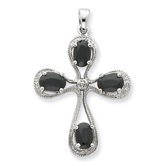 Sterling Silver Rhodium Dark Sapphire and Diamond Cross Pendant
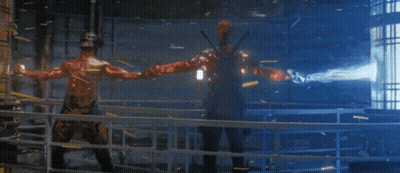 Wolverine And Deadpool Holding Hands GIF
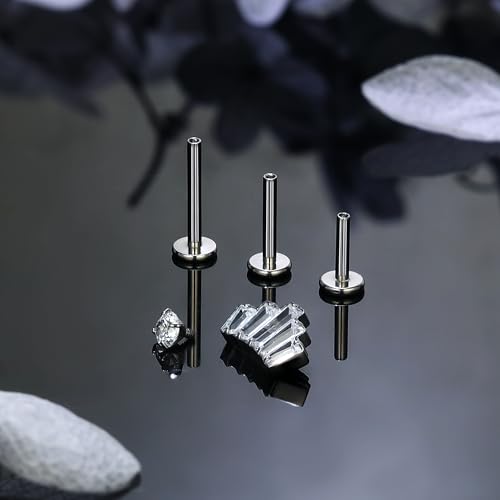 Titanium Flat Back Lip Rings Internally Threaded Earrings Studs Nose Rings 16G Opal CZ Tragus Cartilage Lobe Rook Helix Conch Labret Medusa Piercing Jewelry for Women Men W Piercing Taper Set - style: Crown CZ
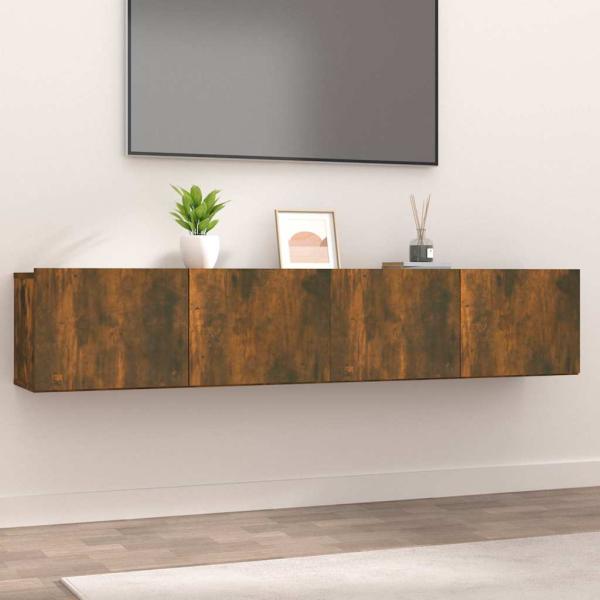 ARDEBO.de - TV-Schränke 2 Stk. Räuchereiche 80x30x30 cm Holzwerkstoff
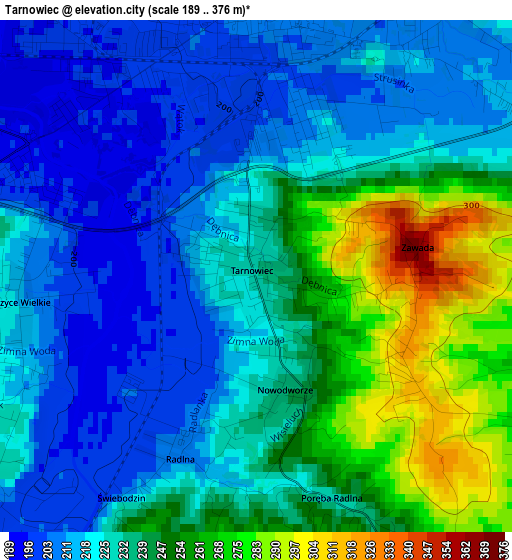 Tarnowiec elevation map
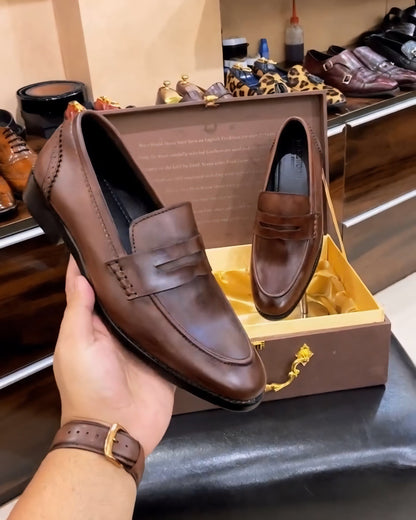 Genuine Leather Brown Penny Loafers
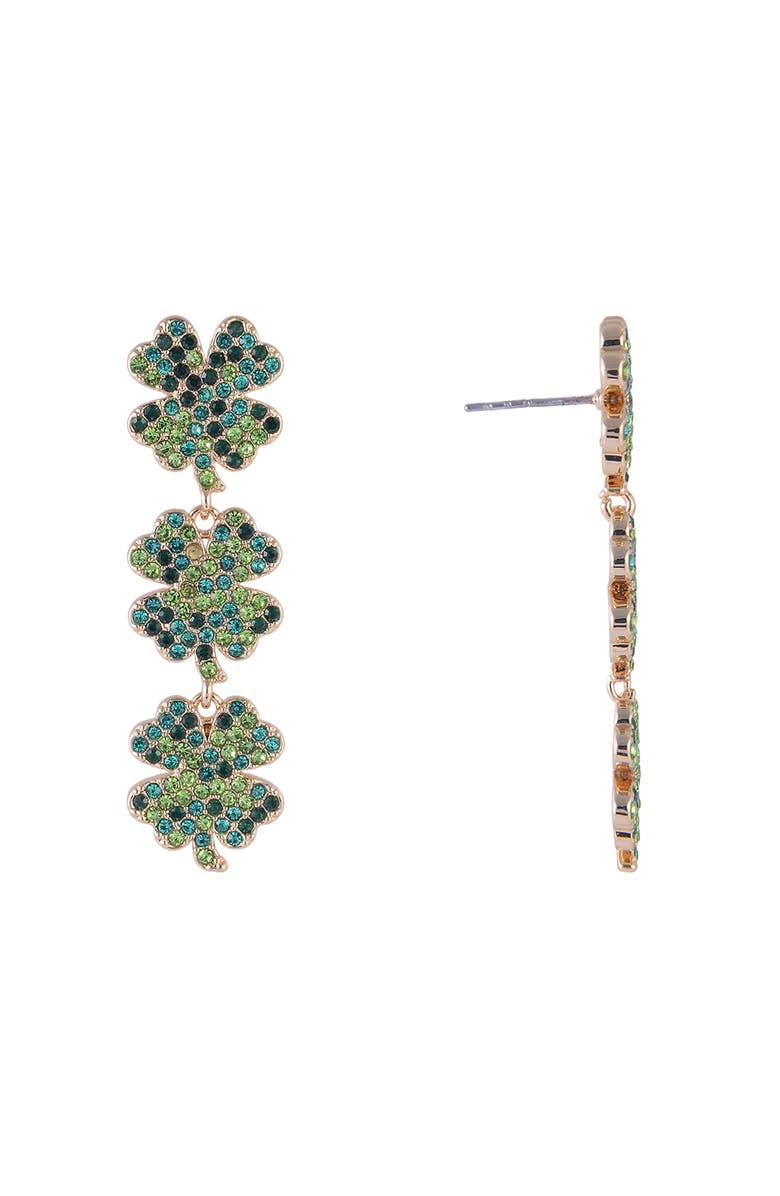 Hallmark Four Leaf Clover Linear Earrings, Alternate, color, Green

====

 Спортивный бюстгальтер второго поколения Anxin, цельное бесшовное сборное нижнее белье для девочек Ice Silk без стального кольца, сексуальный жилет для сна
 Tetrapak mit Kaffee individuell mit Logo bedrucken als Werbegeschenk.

====

TRY IT → In the data above, find the line with "Wolverine And Deadpool Holding Hands GIF" and the line with "Hallmark Four Leaf". Please copy exactly those two lines and every line between them, but not the pictures.

YOUR SOLUTION →
 Wolverine And Deadpool Holding Hands GIF
 Titanium Flat Back Lip Rings Internally Threaded Earrings Studs Nose Rings 16G Opal CZ Tragus Cartilage Lobe Rook Helix Conch Labret Medusa Piercing Jewelry for Women Men W Piercing Taper Set - style: Crown CZ
 ARDEBO.de - TV-Schränke 2 Stk. Räuchereiche 80x30x30 cm Holzwerkstoff
 Tarnowiec elevation map
 Genuine Leather Brown Penny Loafers
 Hallmark Four Leaf Clover Linear Earrings, Alternate, color, Green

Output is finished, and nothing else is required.